# Review of 2011 Artec Gabe Taylor !!!



## twin89 (Jan 21, 2009)

nice review, good to get some artecs on here, not many =(

let us know how the durability is down the line when you put some real time on it!


----------



## Bones308 (Jan 29, 2011)

twin89 said:


> nice review, good to get some artecs on here, not many =(
> 
> let us know how the durability is down the line when you put some real time on it!



Thank you! I will definately try and let everybody know how it holds up in time. Yah you are right not too many of them on here, but I just couldnt resist this board for the money and I am so glad I bought it. 

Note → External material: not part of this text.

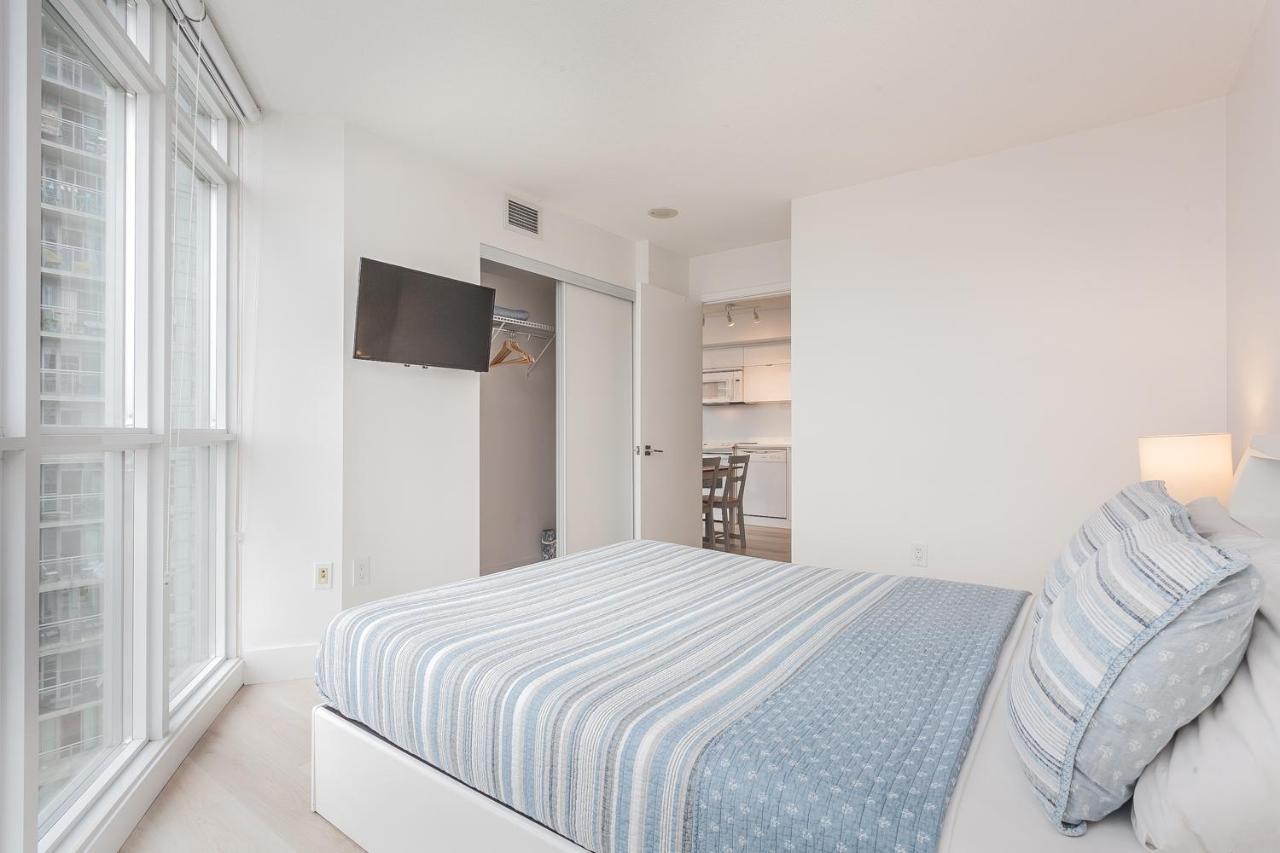 1br In The Entertainment District * Toronto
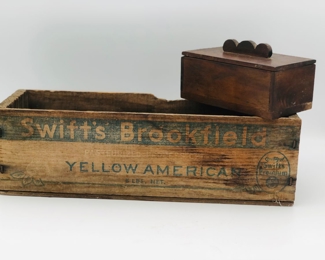 Swifts wooden cheese box
Hand made tramp art box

Although, if I had to find one thing I dont like about it, it would be that it only has 10mm of setback, which I would like it to have a little more because I tend to like more nose than tail but Its not bad at all and I can definately live with it.


----------



## D1CKER1 (Dec 27, 2010)

I purchased this as my first board.. But i love mine

Its Setup with Flow M9's


----------



## Bones308 (Jan 29, 2011)

D1CKER1 said:


> I purchased this as my first board.. But i love mine
> 
> Its Setup with Flow M9's


Nice to hear that! I would definately say that this would also be a very good first board to buy. It is forgiving, but when you are ready to step your game up, it can rip it as hard as you can dish it out. 

I am glad you are as happy with this board as I am!


----------